**Assignment:**
Only an exact, complete copy of the listing will serve as the answer.

**Data provided:**
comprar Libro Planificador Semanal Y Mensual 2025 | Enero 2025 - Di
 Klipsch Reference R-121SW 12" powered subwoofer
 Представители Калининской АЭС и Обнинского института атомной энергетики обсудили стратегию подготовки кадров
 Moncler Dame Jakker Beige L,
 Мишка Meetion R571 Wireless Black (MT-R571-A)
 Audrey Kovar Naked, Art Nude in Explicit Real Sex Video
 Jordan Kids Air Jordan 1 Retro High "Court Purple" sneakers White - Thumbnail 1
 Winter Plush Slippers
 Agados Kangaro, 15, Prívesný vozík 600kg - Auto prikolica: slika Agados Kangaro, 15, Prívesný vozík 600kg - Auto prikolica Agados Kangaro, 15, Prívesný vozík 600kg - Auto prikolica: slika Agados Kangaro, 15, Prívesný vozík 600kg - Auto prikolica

**Final answer:**
comprar Libro Planificador Semanal Y Mensual 2025 | Enero 2025 - Di
 Klipsch Reference R-121SW 12" powered subwoofer
 Представители Калининской АЭС и Обнинского института атомной энергетики обсудили стратегию подготовки кадров
 Moncler Dame Jakker Beige L,
 Мишка Meetion R571 Wireless Black (MT-R571-A)
 Audrey Kovar Naked, Art Nude in Explicit Real Sex Video
 Jordan Kids Air Jordan 1 Retro High "Court Purple" sneakers White - Thumbnail 1
 Winter Plush Slippers
 Agados Kangaro, 15, Prívesný vozík 600kg - Auto prikolica: slika Agados Kangaro, 15, Prívesný vozík 600kg - Auto prikolica Agados Kangaro, 15, Prívesný vozík 600kg - Auto prikolica: slika Agados Kangaro, 15, Prívesný vozík 600kg - Auto prikolica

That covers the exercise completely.